─── DATA PROVIDED ───
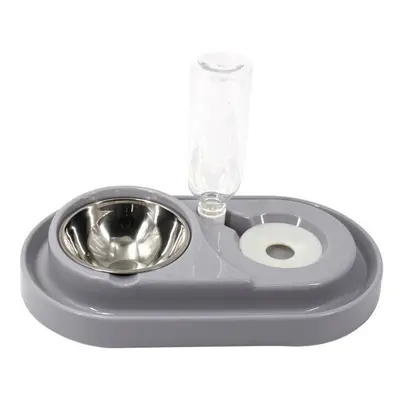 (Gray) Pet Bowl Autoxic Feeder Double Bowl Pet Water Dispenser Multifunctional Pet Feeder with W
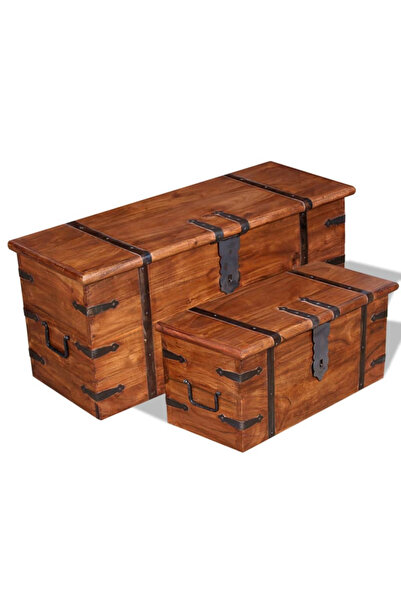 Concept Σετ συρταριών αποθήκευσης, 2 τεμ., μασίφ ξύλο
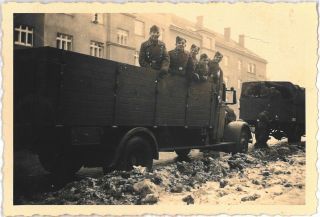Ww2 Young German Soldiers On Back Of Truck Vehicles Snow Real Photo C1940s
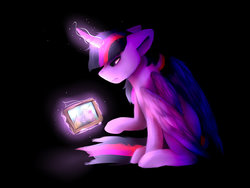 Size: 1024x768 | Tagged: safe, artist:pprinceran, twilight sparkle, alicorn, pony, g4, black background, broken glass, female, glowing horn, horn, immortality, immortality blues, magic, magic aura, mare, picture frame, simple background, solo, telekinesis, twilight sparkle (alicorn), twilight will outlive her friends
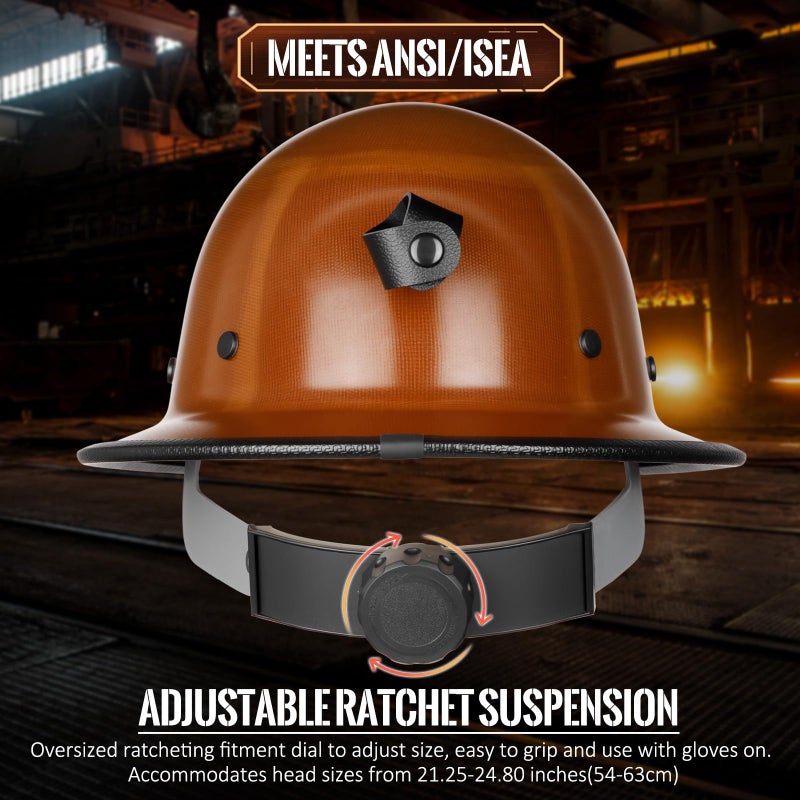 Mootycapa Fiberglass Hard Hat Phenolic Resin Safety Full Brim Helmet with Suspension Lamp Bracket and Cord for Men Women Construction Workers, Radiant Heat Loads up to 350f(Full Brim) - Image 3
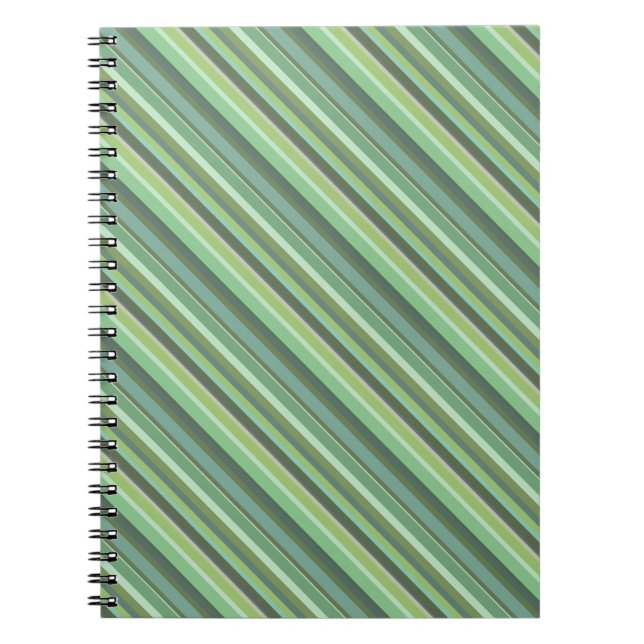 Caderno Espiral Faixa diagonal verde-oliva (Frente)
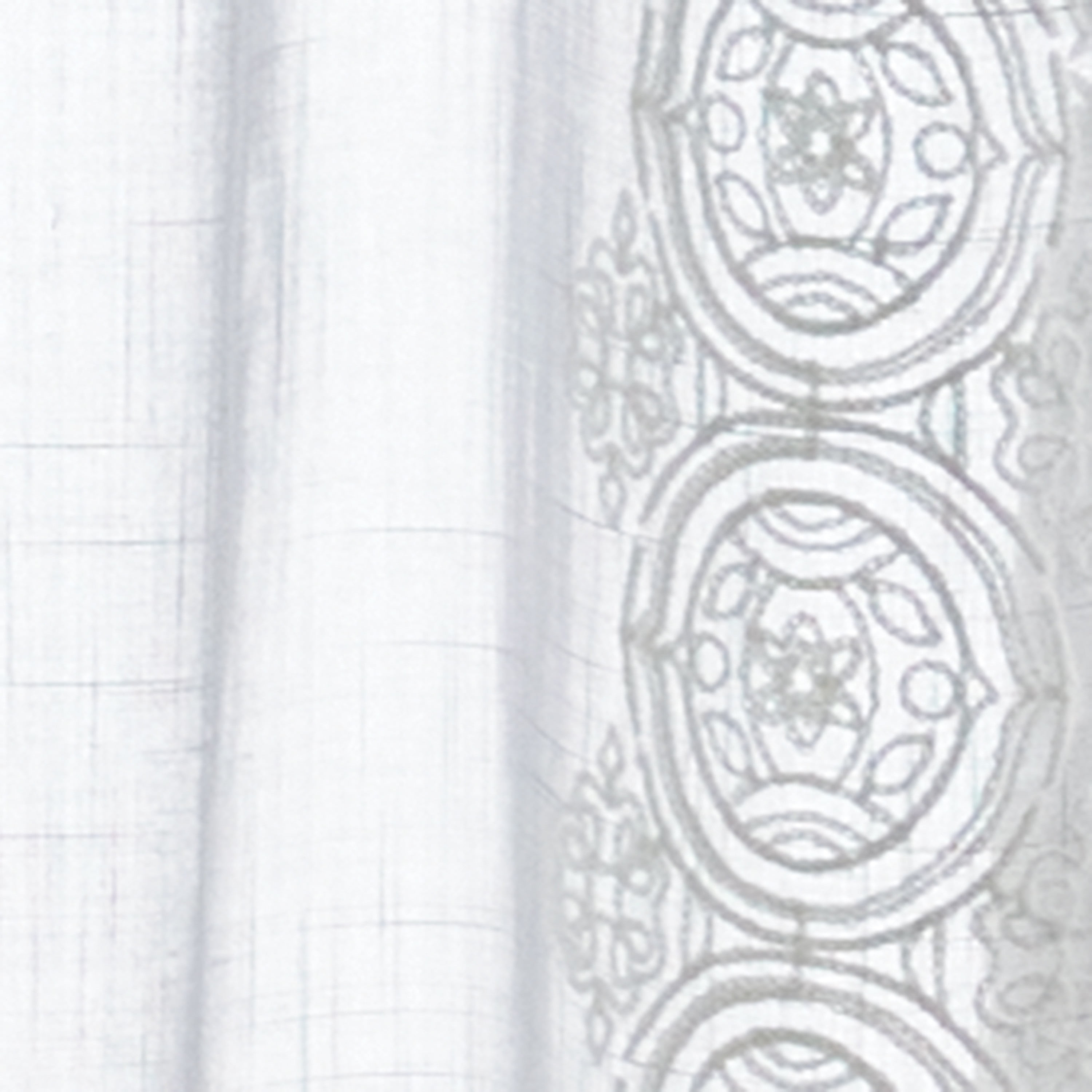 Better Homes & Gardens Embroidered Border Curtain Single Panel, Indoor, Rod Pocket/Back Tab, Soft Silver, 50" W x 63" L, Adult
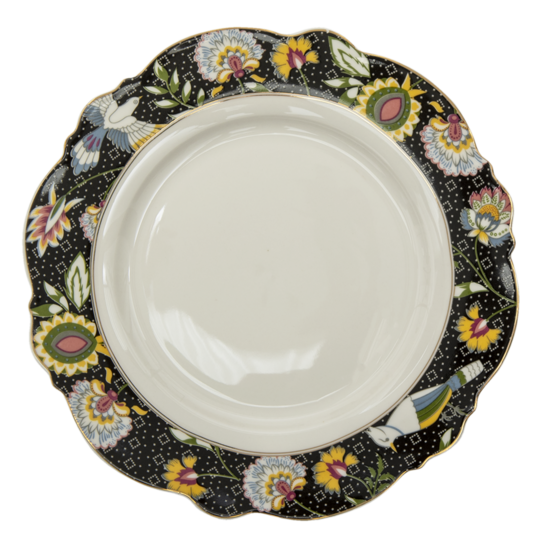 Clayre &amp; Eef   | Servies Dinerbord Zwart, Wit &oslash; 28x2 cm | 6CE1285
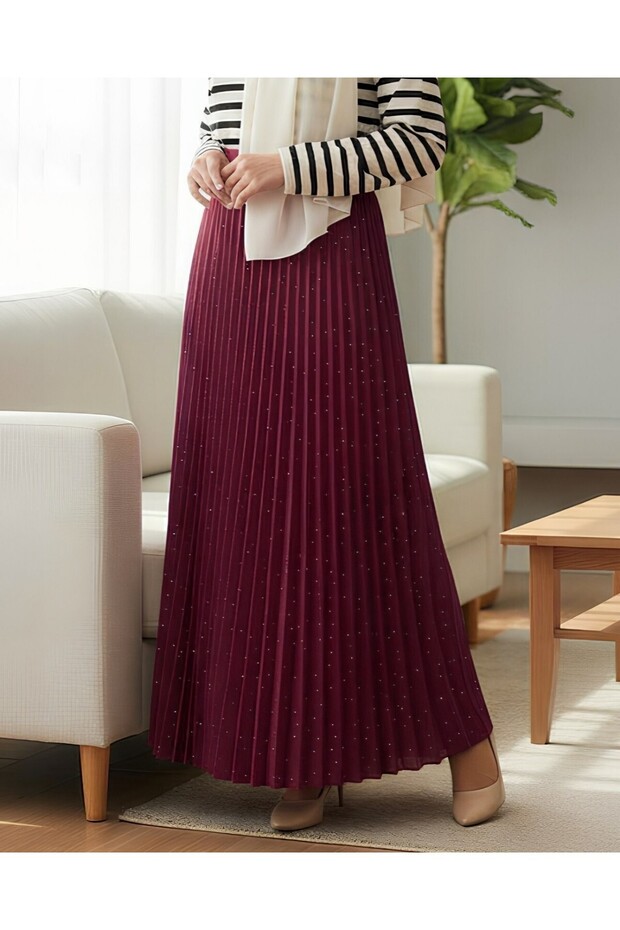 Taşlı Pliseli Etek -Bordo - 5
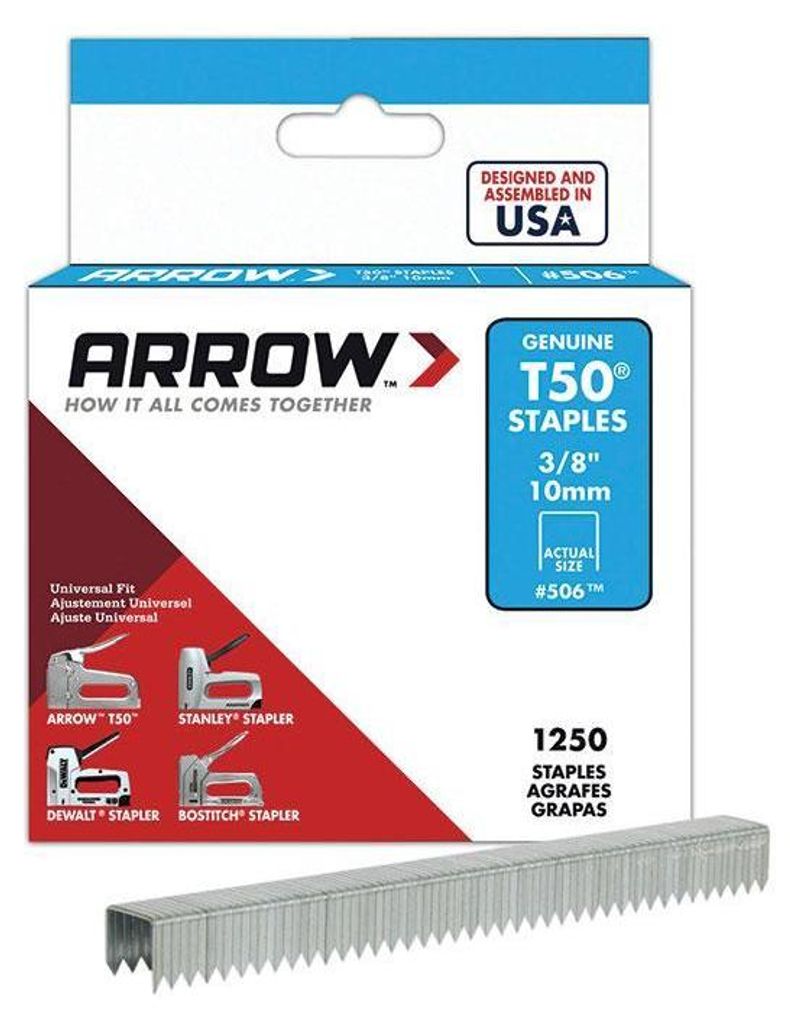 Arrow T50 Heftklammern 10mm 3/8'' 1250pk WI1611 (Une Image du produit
───
(REQUIRED WORK): Copy out every line of the data exactly, leaving the images behind.

(TASK OUTPUT):
 (Gray) Pet Bowl Autoxic Feeder Double Bowl Pet Water Dispenser Multifunctional Pet Feeder with W
 Concept Σετ συρταριών αποθήκευσης, 2 τεμ., μασίφ ξύλο
Ww2 Young German Soldiers On Back Of Truck Vehicles Snow Real Photo C1940s
 Size: 1024x768 | Tagged: safe, artist:pprinceran, twilight sparkle, alicorn, pony, g4, black background, broken glass, female, glowing horn, horn, immortality, immortality blues, magic, magic aura, mare, picture frame, simple background, solo, telekinesis, twilight sparkle (alicorn), twilight will outlive her friends
 Mootycapa Fiberglass Hard Hat Phenolic Resin Safety Full Brim Helmet with Suspension Lamp Bracket and Cord for Men Women Construction Workers, Radiant Heat Loads up to 350f(Full Brim) - Image 3
 Caderno Espiral Faixa diagonal verde-oliva (Frente)
 Better Homes & Gardens Embroidered Border Curtain Single Panel, Indoor, Rod Pocket/Back Tab, Soft Silver, 50" W x 63" L, Adult
 Clayre &amp; Eef   | Servies Dinerbord Zwart, Wit &oslash; 28x2 cm | 6CE1285
 Taşlı Pliseli Etek -Bordo - 5
 Arrow T50 Heftklammern 10mm 3/8'' 1250pk WI1611 (Une Image du produit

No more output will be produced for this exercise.